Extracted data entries
--------------------------------------------------

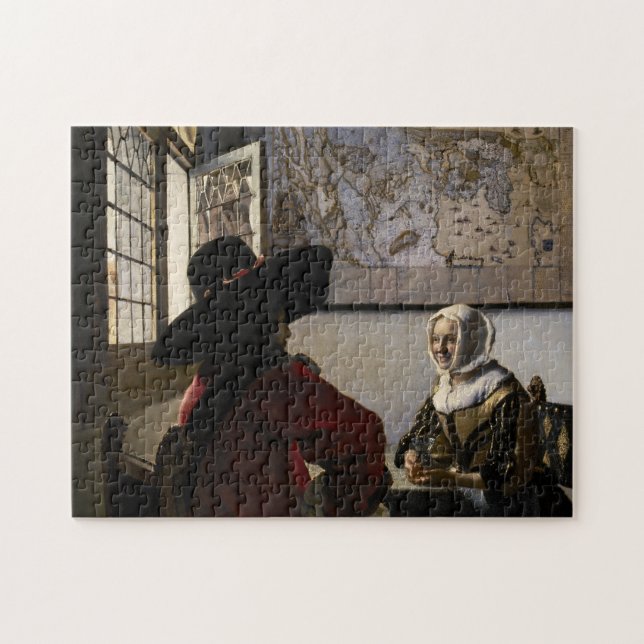 Johannes Vermeer - officer med en döende flicka Pussel (Horisontell)
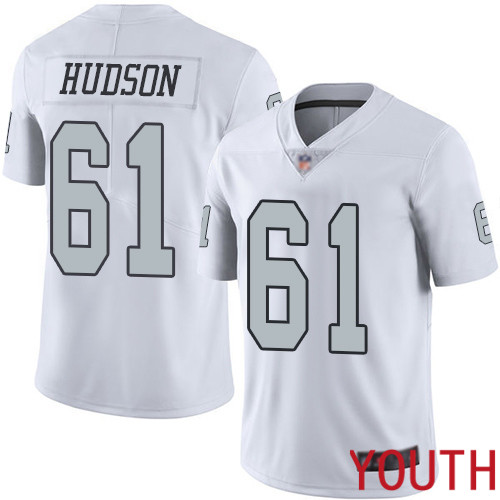 Oakland Raiders Limited White Youth Rodney Hudson Jersey NFL Football #61 Rush Vapor Untouchable Jersey->youth nfl jersey->Youth Jersey
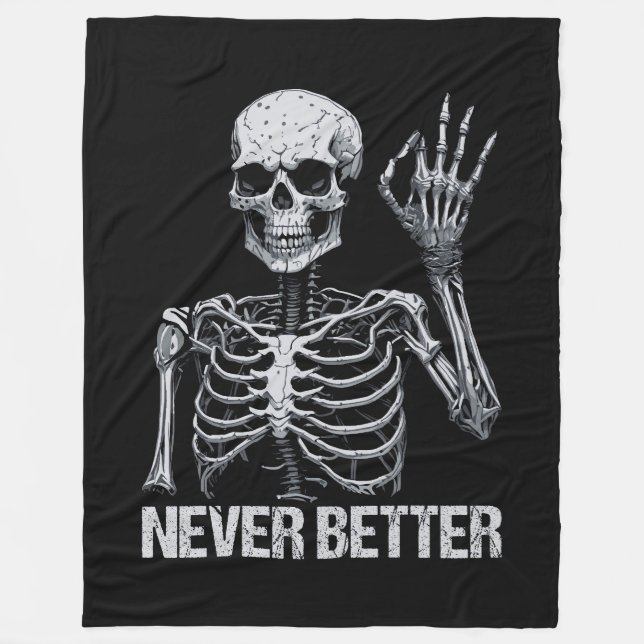 Couverture Polaire Halloween Skeleton - Jamais mieux je (Devant)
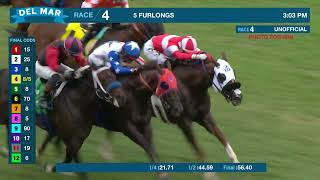 Galland de Besos wins race 4 at Del Mar 9124 [upl. by Amiarom]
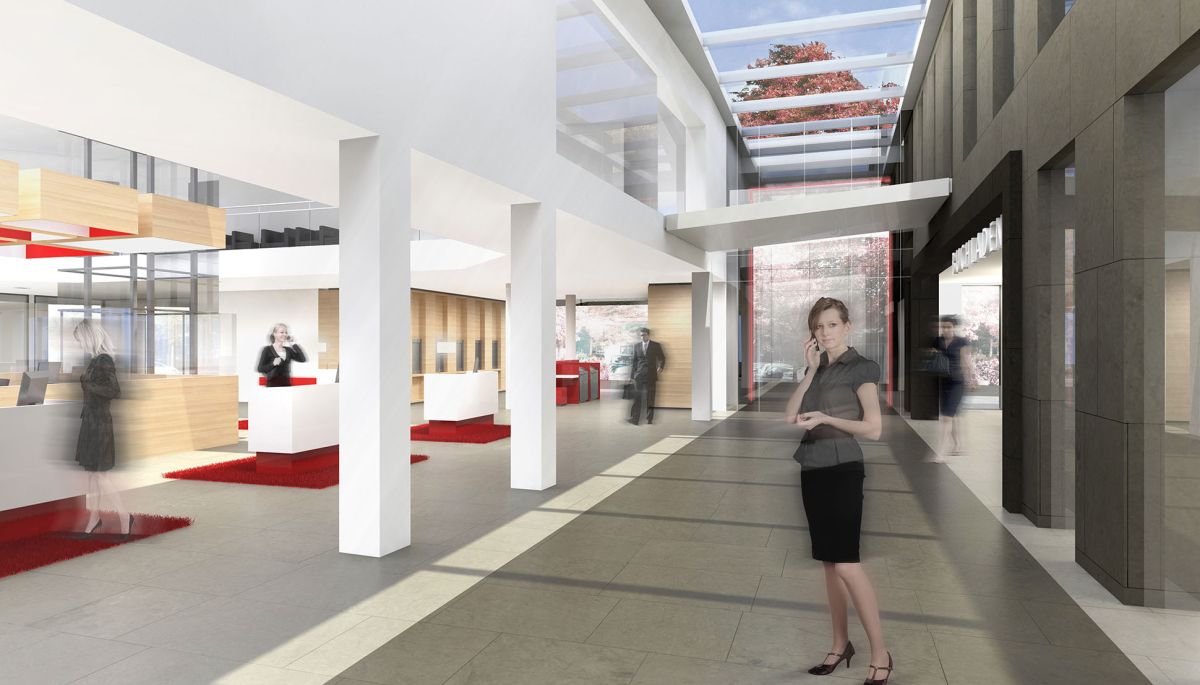 Bankenplanung für Sparkasse Versmold: Kundenhalle für Hauptstelle NRW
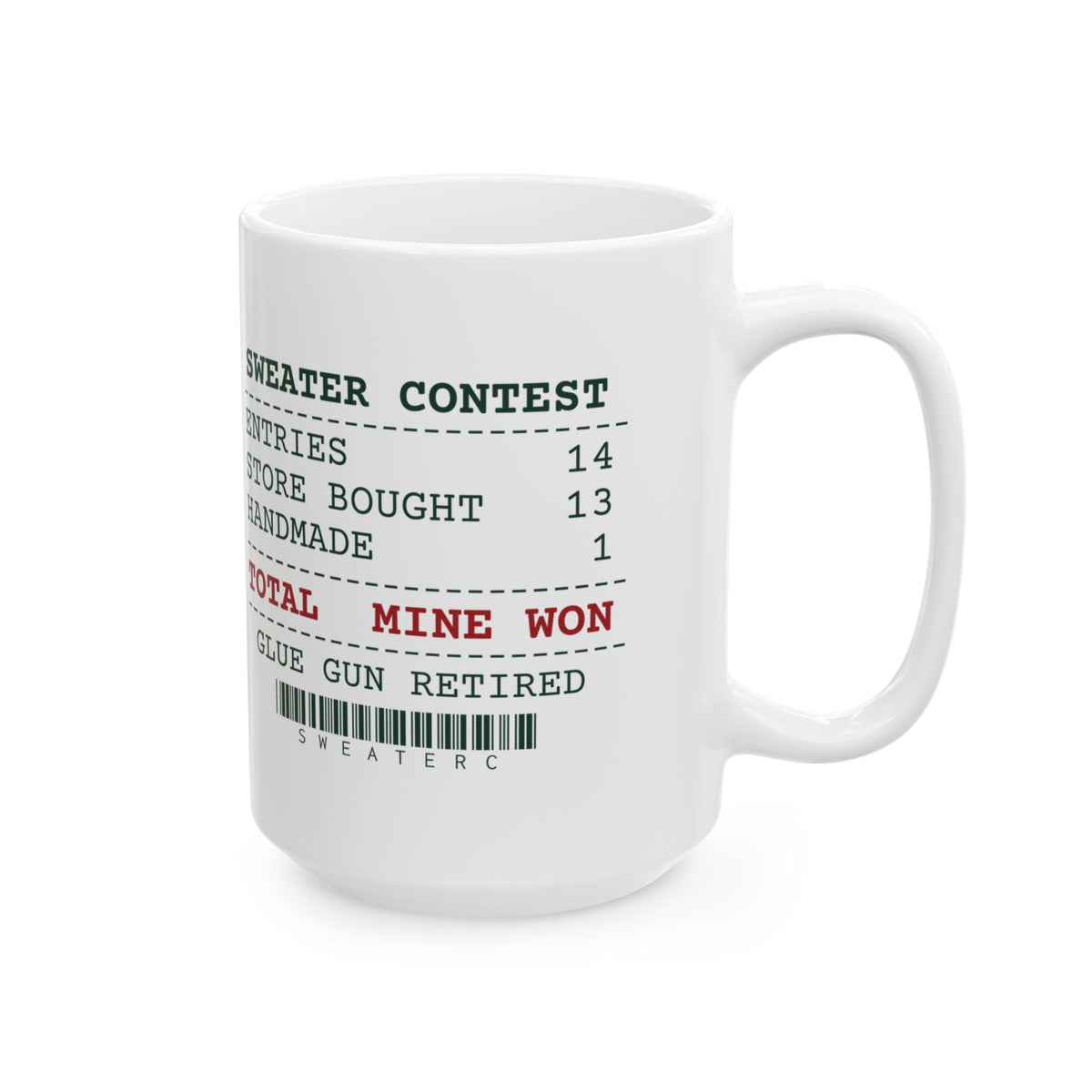 Funny Ugly Sweater Contest Coffee Mug Thirteen Store Bought One Handmade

--------------------------------------------------

§ Problem details:
One exact copy of the data is required, and it should hold no pictures.

§ Output for this exercise:
 Johannes Vermeer - officer med en döende flicka Pussel (Horisontell)
 Oakland Raiders Limited White Youth Rodney Hudson Jersey NFL Football #61 Rush Vapor Untouchable Jersey->youth nfl jersey->Youth Jersey
 Couverture Polaire Halloween Skeleton - Jamais mieux je (Devant)
 Galland de Besos wins race 4 at Del Mar 9124 [upl. by Amiarom]
 Bankenplanung für Sparkasse Versmold: Kundenhalle für Hauptstelle NRW
 Funny Ugly Sweater Contest Coffee Mug Thirteen Store Bought One Handmade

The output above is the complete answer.